#### [TASK PROMPT]
The whole answer is the data below, retyped exactly.

#### [INFORMATION]
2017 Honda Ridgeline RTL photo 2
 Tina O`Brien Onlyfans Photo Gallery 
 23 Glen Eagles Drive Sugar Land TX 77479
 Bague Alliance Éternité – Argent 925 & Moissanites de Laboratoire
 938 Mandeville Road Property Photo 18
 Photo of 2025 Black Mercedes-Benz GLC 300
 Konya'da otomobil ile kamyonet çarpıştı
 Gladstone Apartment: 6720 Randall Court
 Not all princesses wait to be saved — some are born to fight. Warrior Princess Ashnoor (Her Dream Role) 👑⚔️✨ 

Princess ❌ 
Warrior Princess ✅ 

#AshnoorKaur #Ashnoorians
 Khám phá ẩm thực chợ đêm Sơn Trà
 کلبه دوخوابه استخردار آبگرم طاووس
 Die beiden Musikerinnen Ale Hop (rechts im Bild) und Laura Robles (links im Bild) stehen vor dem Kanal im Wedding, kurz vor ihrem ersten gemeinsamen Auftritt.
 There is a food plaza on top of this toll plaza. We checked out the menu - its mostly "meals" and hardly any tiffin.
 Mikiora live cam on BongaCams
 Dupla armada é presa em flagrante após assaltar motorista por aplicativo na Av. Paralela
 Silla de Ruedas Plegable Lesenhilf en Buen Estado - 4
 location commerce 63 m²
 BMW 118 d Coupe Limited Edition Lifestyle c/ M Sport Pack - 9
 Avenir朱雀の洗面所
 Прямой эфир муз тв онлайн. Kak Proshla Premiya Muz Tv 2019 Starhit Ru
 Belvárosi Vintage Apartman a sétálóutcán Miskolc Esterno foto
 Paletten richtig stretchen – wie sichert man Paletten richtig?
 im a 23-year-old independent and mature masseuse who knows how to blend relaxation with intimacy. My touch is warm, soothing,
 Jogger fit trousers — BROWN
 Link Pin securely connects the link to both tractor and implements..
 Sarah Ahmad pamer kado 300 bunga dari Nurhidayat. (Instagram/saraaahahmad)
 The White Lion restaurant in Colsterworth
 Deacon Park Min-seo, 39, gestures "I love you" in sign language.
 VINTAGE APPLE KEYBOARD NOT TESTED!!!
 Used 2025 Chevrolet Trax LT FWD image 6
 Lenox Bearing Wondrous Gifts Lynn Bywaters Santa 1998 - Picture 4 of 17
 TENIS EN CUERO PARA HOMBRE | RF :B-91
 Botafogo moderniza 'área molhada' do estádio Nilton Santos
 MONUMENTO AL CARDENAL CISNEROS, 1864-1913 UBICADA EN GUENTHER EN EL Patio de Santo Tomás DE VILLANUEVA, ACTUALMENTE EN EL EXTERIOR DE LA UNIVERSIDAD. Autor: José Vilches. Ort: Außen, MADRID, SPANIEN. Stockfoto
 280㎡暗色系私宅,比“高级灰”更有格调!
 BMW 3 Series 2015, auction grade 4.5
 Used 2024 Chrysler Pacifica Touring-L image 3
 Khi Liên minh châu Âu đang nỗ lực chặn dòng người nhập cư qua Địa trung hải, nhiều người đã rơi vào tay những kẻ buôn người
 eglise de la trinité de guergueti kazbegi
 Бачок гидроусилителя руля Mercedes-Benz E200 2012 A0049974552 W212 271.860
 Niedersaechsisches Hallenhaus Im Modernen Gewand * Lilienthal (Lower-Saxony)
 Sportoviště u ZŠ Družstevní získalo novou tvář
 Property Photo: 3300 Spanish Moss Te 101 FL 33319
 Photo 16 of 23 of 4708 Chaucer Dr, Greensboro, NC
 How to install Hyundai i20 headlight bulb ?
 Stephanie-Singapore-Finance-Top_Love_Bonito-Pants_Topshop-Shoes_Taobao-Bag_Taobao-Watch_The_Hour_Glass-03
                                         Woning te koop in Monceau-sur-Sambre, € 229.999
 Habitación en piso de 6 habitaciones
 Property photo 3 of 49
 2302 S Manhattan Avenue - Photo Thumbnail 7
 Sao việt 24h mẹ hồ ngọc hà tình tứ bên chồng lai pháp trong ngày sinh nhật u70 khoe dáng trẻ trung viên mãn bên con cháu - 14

#### [RESULT]
2017 Honda Ridgeline RTL photo 2
 Tina O`Brien Onlyfans Photo Gallery 
 23 Glen Eagles Drive Sugar Land TX 77479
 Bague Alliance Éternité – Argent 925 & Moissanites de Laboratoire
 938 Mandeville Road Property Photo 18
 Photo of 2025 Black Mercedes-Benz GLC 300
 Konya'da otomobil ile kamyonet çarpıştı
 Gladstone Apartment: 6720 Randall Court
 Not all princesses wait to be saved — some are born to fight. Warrior Princess Ashnoor (Her Dream Role) 👑⚔️✨ 

Princess ❌ 
Warrior Princess ✅ 

#AshnoorKaur #Ashnoorians
 Khám phá ẩm thực chợ đêm Sơn Trà
 کلبه دوخوابه استخردار آبگرم طاووس
 Die beiden Musikerinnen Ale Hop (rechts im Bild) und Laura Robles (links im Bild) stehen vor dem Kanal im Wedding, kurz vor ihrem ersten gemeinsamen Auftritt.
 There is a food plaza on top of this toll plaza. We checked out the menu - its mostly "meals" and hardly any tiffin.
 Mikiora live cam on BongaCams
 Dupla armada é presa em flagrante após assaltar motorista por aplicativo na Av. Paralela
 Silla de Ruedas Plegable Lesenhilf en Buen Estado - 4
 location commerce 63 m²
 BMW 118 d Coupe Limited Edition Lifestyle c/ M Sport Pack - 9
 Avenir朱雀の洗面所
 Прямой эфир муз тв онлайн. Kak Proshla Premiya Muz Tv 2019 Starhit Ru
 Belvárosi Vintage Apartman a sétálóutcán Miskolc Esterno foto
 Paletten richtig stretchen – wie sichert man Paletten richtig?
 im a 23-year-old independent and mature masseuse who knows how to blend relaxation with intimacy. My touch is warm, soothing,
 Jogger fit trousers — BROWN
 Link Pin securely connects the link to both tractor and implements..
 Sarah Ahmad pamer kado 300 bunga dari Nurhidayat. (Instagram/saraaahahmad)
 The White Lion restaurant in Colsterworth
 Deacon Park Min-seo, 39, gestures "I love you" in sign language.
 VINTAGE APPLE KEYBOARD NOT TESTED!!!
 Used 2025 Chevrolet Trax LT FWD image 6
 Lenox Bearing Wondrous Gifts Lynn Bywaters Santa 1998 - Picture 4 of 17
 TENIS EN CUERO PARA HOMBRE | RF :B-91
 Botafogo moderniza 'área molhada' do estádio Nilton Santos
 MONUMENTO AL CARDENAL CISNEROS, 1864-1913 UBICADA EN GUENTHER EN EL Patio de Santo Tomás DE VILLANUEVA, ACTUALMENTE EN EL EXTERIOR DE LA UNIVERSIDAD. Autor: José Vilches. Ort: Außen, MADRID, SPANIEN. Stockfoto
 280㎡暗色系私宅,比“高级灰”更有格调!
 BMW 3 Series 2015, auction grade 4.5
 Used 2024 Chrysler Pacifica Touring-L image 3
 Khi Liên minh châu Âu đang nỗ lực chặn dòng người nhập cư qua Địa trung hải, nhiều người đã rơi vào tay những kẻ buôn người
 eglise de la trinité de guergueti kazbegi
 Бачок гидроусилителя руля Mercedes-Benz E200 2012 A0049974552 W212 271.860
 Niedersaechsisches Hallenhaus Im Modernen Gewand * Lilienthal (Lower-Saxony)
 Sportoviště u ZŠ Družstevní získalo novou tvář
 Property Photo: 3300 Spanish Moss Te 101 FL 33319
 Photo 16 of 23 of 4708 Chaucer Dr, Greensboro, NC
 How to install Hyundai i20 headlight bulb ?
 Stephanie-Singapore-Finance-Top_Love_Bonito-Pants_Topshop-Shoes_Taobao-Bag_Taobao-Watch_The_Hour_Glass-03
                                         Woning te koop in Monceau-sur-Sambre, € 229.999
 Habitación en piso de 6 habitaciones
 Property photo 3 of 49
 2302 S Manhattan Avenue - Photo Thumbnail 7
 Sao việt 24h mẹ hồ ngọc hà tình tứ bên chồng lai pháp trong ngày sinh nhật u70 khoe dáng trẻ trung viên mãn bên con cháu - 14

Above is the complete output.